[Requirement]: Go through the listing below and retype exactly the lines starting at the one with "Laser Plat Pagar, Ornamen" and ending at the one with "Wildflower Cupcakes", skipping pictures.

[Dataset]:
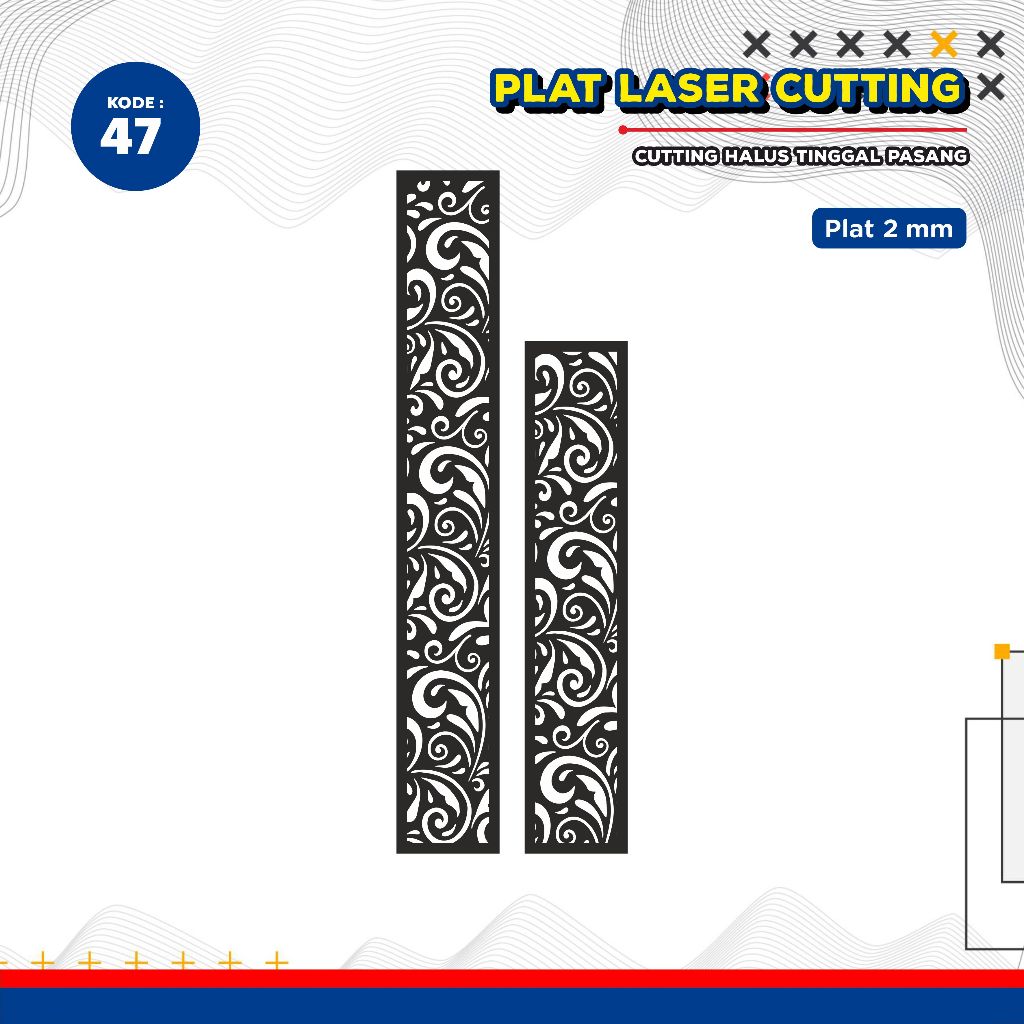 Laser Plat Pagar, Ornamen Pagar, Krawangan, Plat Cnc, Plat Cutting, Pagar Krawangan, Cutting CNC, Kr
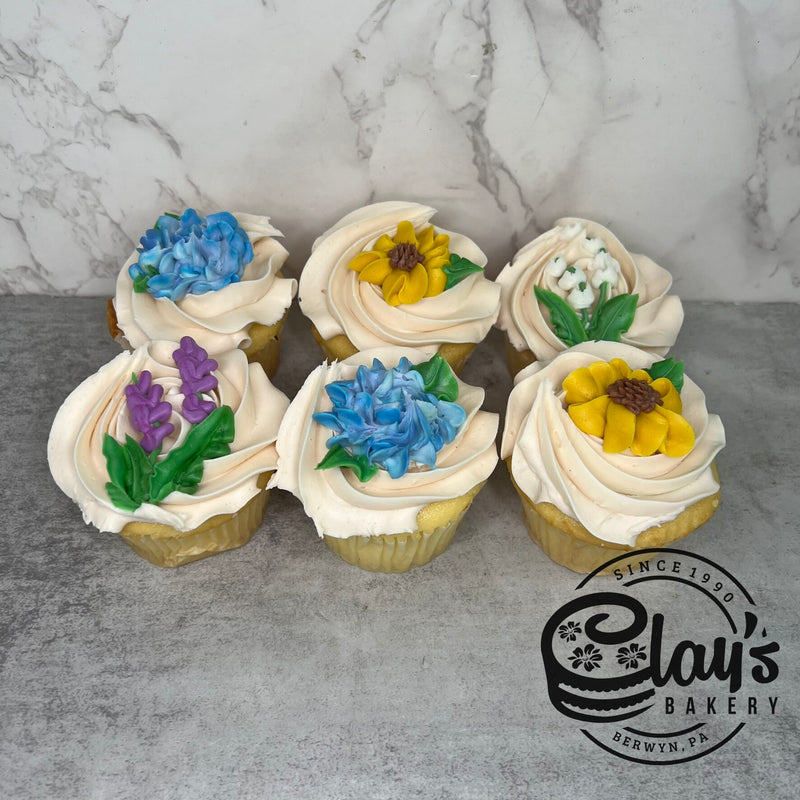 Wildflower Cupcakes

...

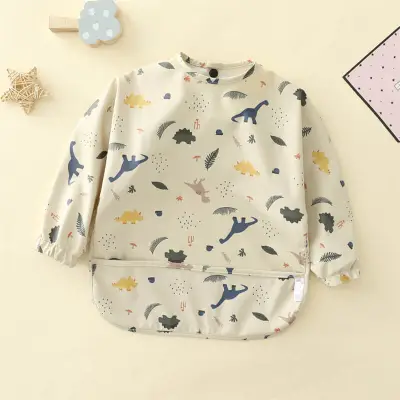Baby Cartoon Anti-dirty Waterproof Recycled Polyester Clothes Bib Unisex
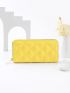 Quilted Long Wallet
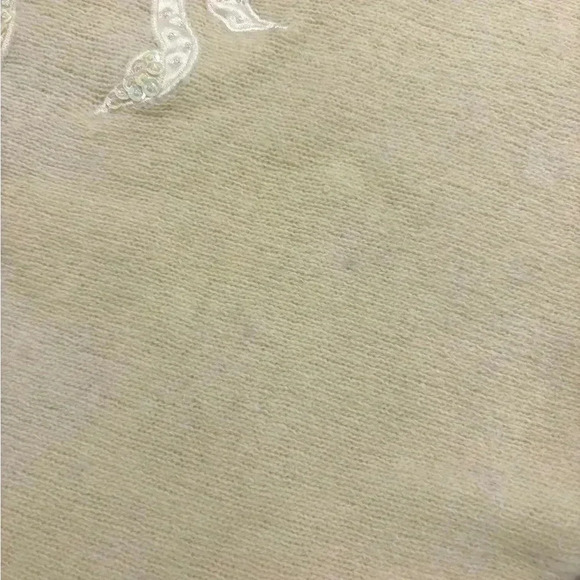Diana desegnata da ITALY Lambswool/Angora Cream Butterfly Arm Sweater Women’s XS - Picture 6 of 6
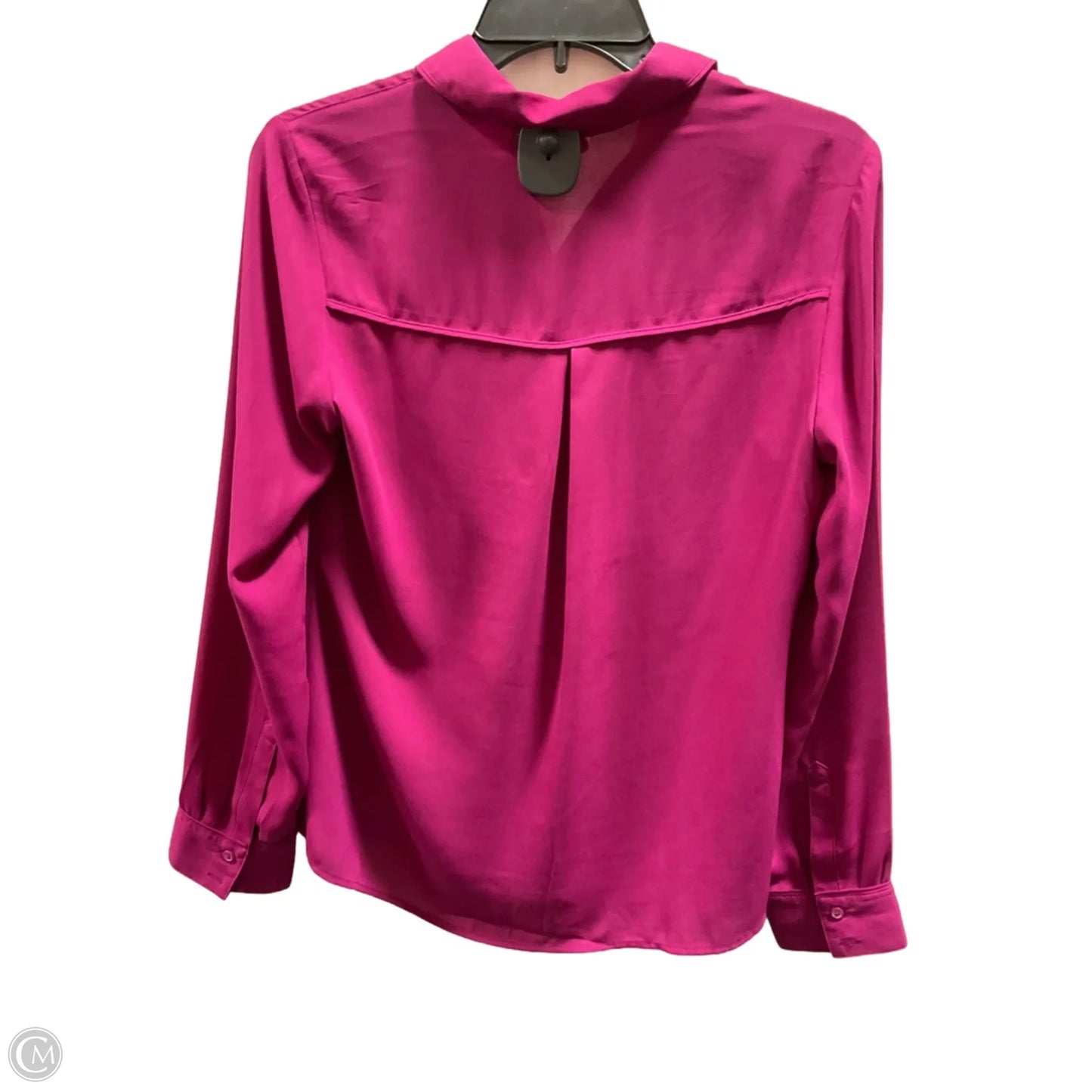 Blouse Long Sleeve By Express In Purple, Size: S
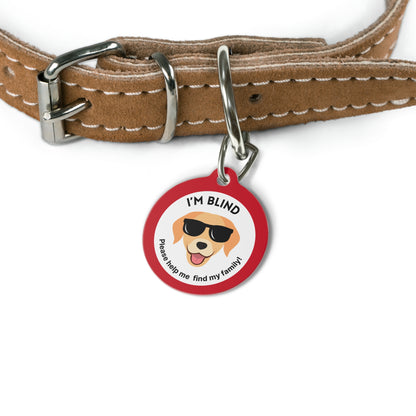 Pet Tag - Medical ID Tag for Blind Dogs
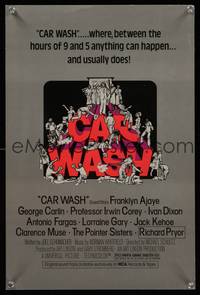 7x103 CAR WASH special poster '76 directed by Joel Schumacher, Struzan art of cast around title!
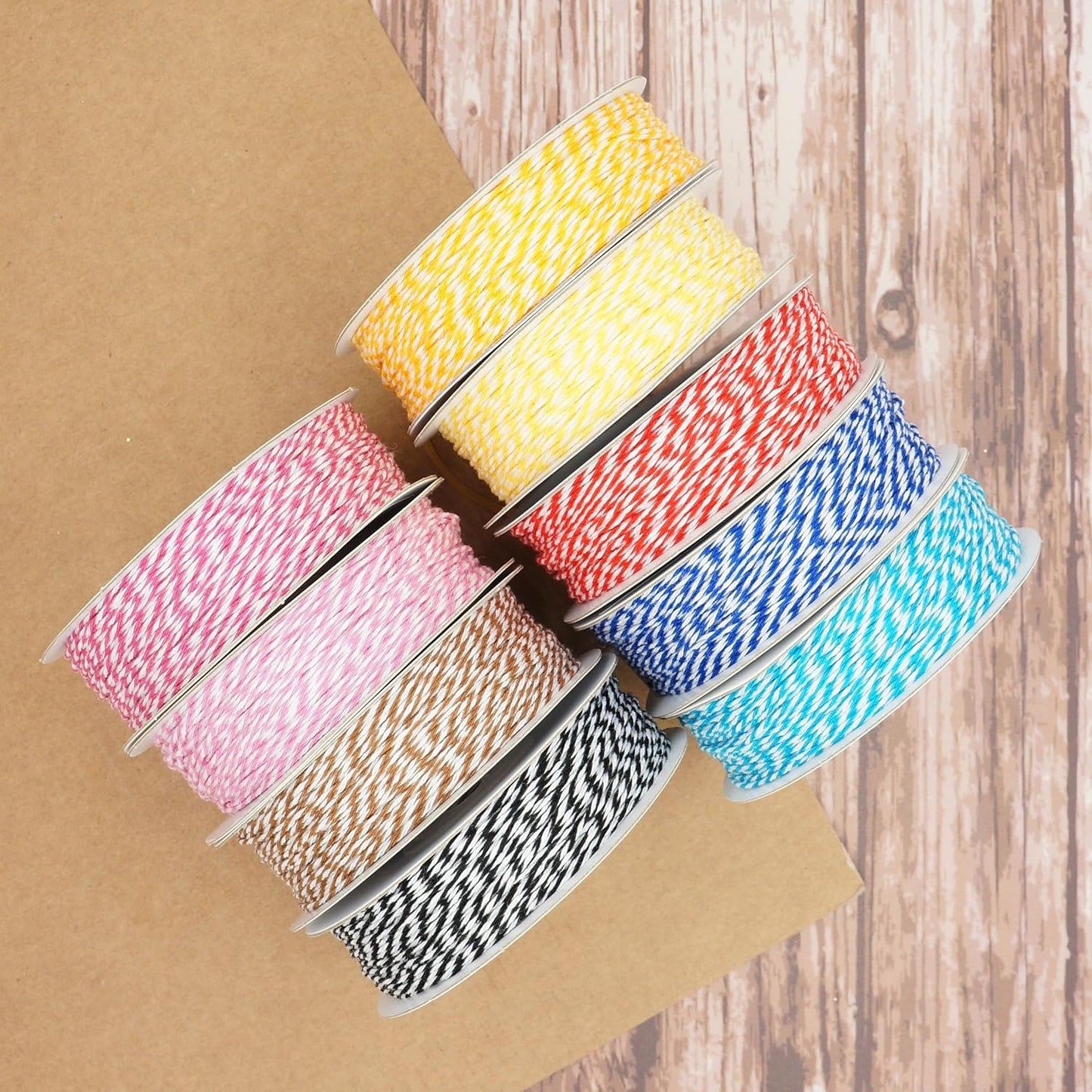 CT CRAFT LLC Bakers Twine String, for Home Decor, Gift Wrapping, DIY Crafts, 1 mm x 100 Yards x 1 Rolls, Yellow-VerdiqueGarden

[Task answer]:
 Laser Plat Pagar, Ornamen Pagar, Krawangan, Plat Cnc, Plat Cutting, Pagar Krawangan, Cutting CNC, Kr
 Wildflower Cupcakes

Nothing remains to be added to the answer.